• **TO DO**
Take the line containing "지난 20일 '2026" and every line after it to the end of the records, and copy them exactly, leaving out pictures.

• **RECORDED DATA**
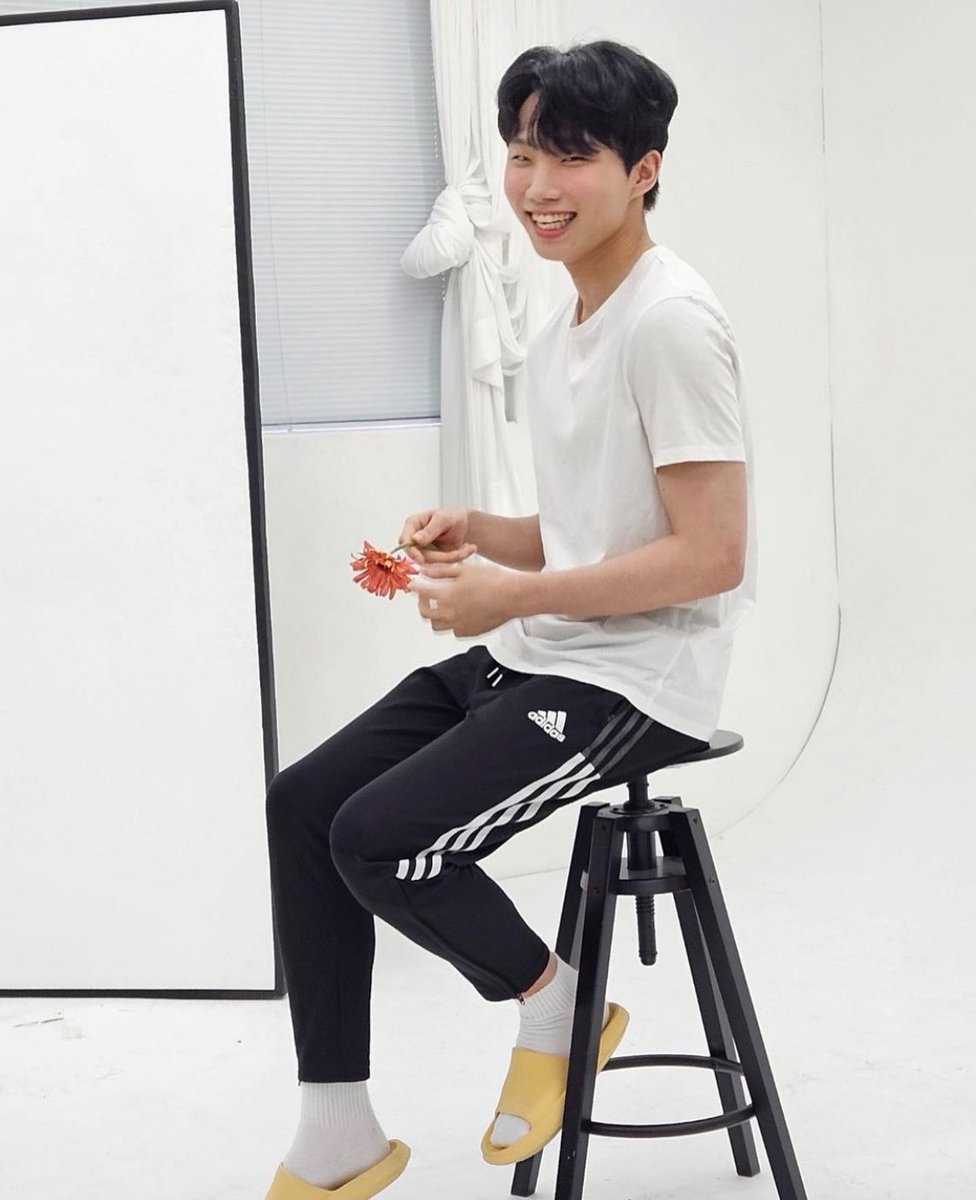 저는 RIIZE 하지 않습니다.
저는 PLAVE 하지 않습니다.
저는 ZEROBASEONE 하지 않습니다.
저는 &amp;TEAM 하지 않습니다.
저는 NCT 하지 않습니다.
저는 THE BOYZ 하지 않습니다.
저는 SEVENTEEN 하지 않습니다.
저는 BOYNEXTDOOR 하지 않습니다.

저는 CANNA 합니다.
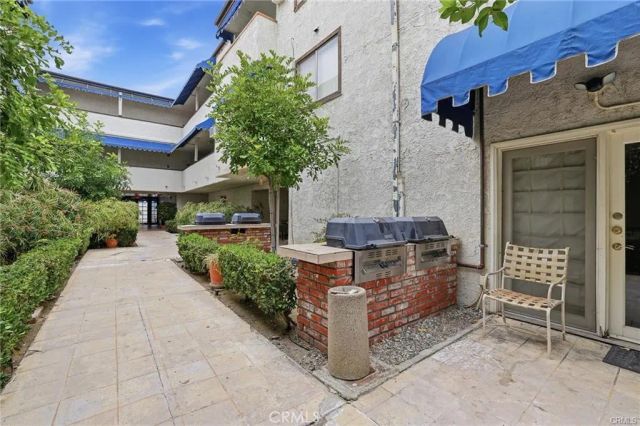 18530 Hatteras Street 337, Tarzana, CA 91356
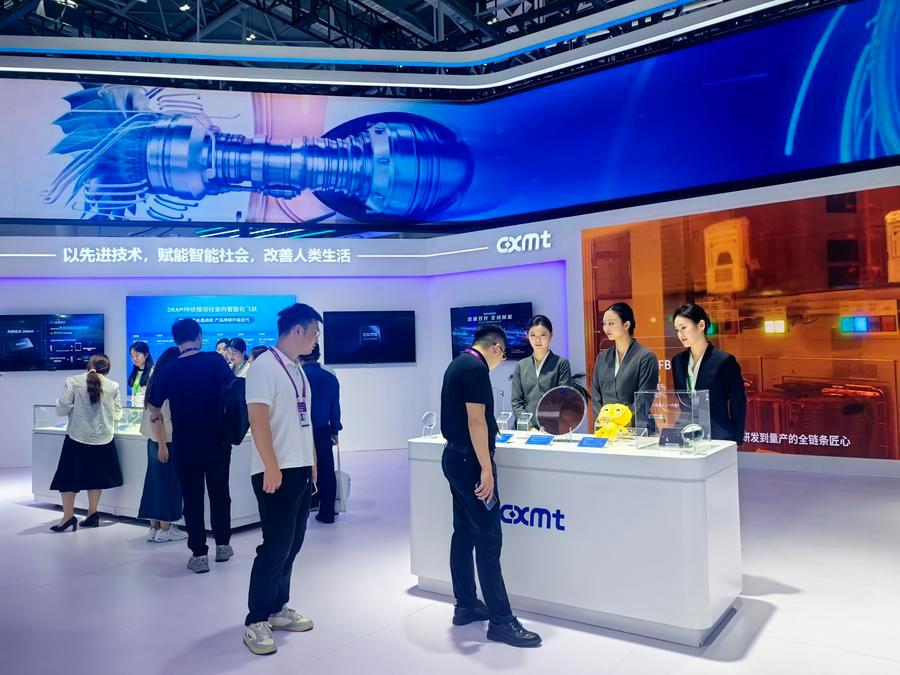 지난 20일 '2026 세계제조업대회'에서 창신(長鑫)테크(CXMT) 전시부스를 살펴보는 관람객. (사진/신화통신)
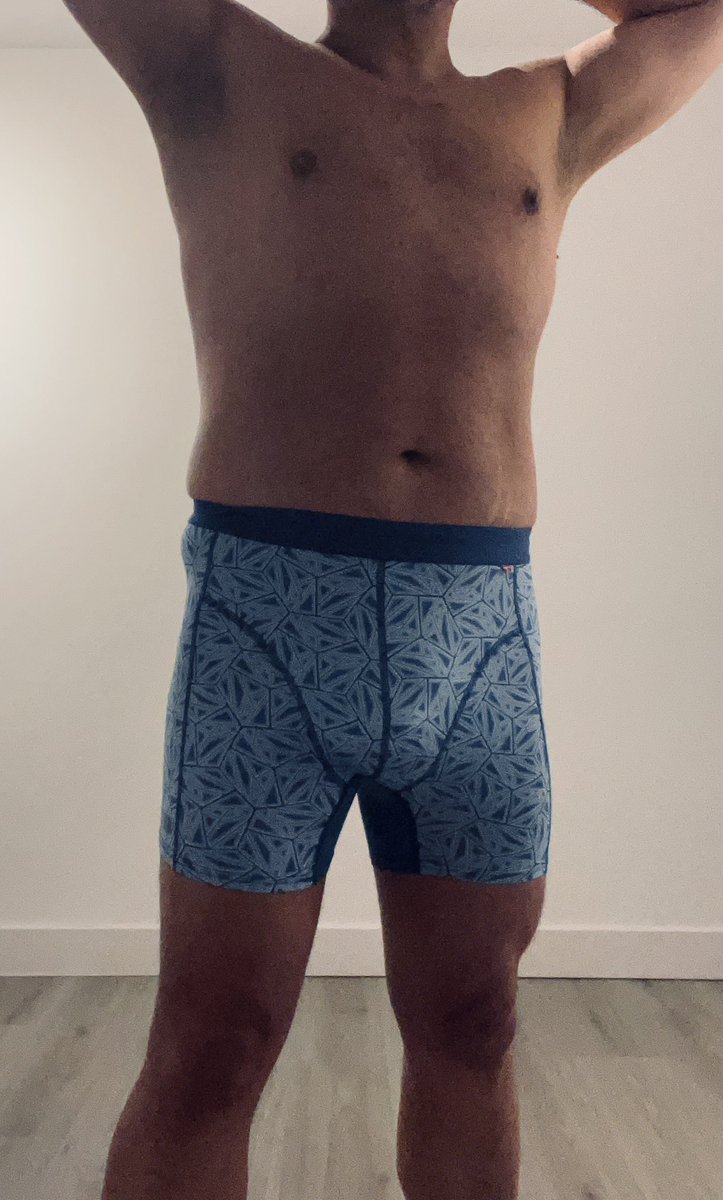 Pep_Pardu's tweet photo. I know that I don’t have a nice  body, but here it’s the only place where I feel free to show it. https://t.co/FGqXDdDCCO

• **ANSWER TO THE PROBLEM**
 지난 20일 '2026 세계제조업대회'에서 창신(長鑫)테크(CXMT) 전시부스를 살펴보는 관람객. (사진/신화통신)
 Pep_Pardu's tweet photo. I know that I don’t have a nice  body, but here it’s the only place where I feel free to show it. https://t.co/FGqXDdDCCO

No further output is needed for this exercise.